Similarly, I would think that the first step in researching a plan to prevent foreign terrorists from entering the United States would be to find out where terrorists have come from in the past. Unfortunately, the executive order seems to have missed completely the countries from which the vast majority of terror-related actors originate. Research skills may seem basic to some readers, but they really are quite useful.

Reading widely. Another crucial aspect of the rhetoric classroom is that students read widely, exposing themselves to a variety of perspectives on important issues. I want my students to be able to see all sides of important issues, and to appreciate that citizenship involves tolerance of other people and their views.

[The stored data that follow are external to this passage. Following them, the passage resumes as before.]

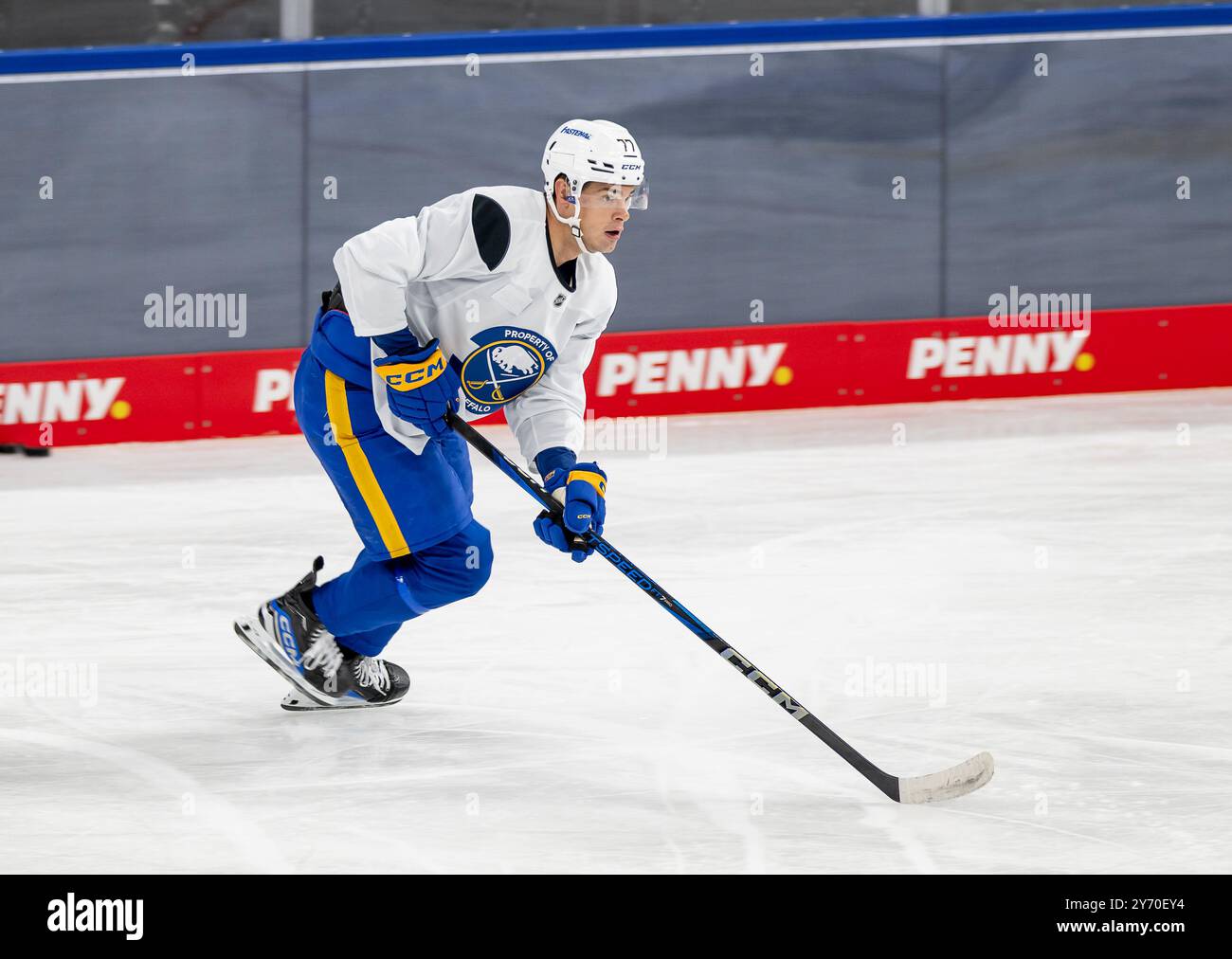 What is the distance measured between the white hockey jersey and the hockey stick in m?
0.10

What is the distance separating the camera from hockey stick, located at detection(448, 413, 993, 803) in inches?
141

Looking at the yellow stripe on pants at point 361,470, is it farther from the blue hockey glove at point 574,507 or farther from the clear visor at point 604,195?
the clear visor at point 604,195

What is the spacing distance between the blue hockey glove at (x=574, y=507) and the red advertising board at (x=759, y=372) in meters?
4.58

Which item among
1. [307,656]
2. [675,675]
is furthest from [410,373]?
[675,675]

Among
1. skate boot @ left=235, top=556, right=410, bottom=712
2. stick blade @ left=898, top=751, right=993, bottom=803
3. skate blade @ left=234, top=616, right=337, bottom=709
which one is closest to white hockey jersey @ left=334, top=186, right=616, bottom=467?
skate boot @ left=235, top=556, right=410, bottom=712

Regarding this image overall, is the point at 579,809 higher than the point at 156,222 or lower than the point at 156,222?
lower

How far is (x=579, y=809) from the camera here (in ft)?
11.8

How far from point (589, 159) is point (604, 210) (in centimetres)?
12

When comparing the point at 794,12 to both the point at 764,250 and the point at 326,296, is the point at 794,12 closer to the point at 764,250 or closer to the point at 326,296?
the point at 764,250

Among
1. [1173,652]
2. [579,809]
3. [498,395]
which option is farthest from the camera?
[1173,652]

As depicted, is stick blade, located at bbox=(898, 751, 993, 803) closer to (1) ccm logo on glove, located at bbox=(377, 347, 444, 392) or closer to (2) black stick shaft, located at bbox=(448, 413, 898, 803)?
(2) black stick shaft, located at bbox=(448, 413, 898, 803)

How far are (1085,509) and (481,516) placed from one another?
7.07 ft

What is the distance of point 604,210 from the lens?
3803mm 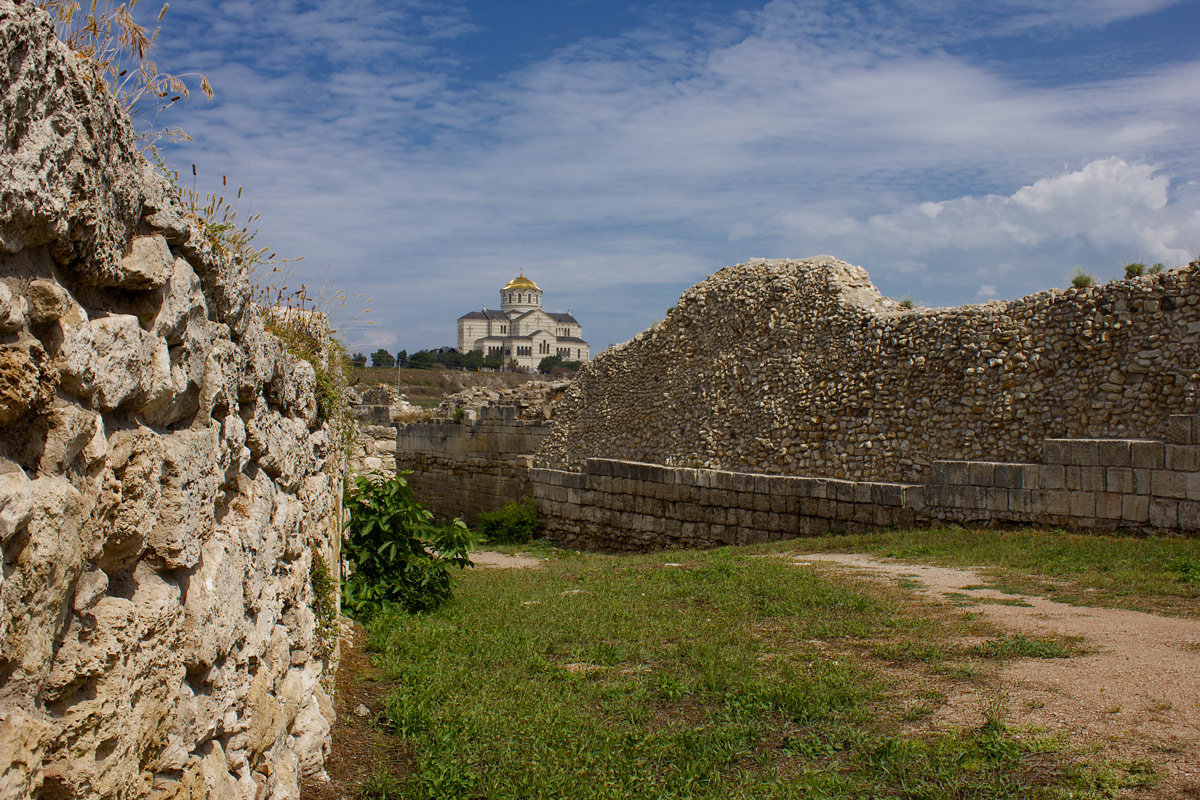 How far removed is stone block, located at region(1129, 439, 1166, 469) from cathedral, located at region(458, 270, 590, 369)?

In my class, many of my readings center on issues relating to feminism. Most of my students come to class with limited or mistaken ideas about feminism — these readings are often eye-opening. They get to practice critically discussing difficult issues by engaging with voices they otherwise might not hear. Through reading a variety of writers, and through class discussion of these readings, students get a better sense of their place within a diverse society, and can better understand the world around them.

By practicing the act of reading widely and discussing those readings with a diverse group of people, perhaps Trump and his advisers could have avoided some of the errors of the past week. Perhaps they would have learned of the many contributions refugees have made to our country. Maybe they would have understood how crucial a role immigrants play in our nation’s scientific community. Or perhaps they would have comprehended just how desperately refugees need a safe haven, and what role the U.S. has played in creating the dangers from which refugees now flee. When we read, we open ourselves up to another’s experience, and we widen our own. It allows us to see and understand a bigger piece of the world’s complexity. That’s pretty important, especially if you’re making policy that affects millions of people.

That’s just it though, isn’t it: It’s not just Trump who would benefit if he and members of his administration took a rhetoric course. We all would.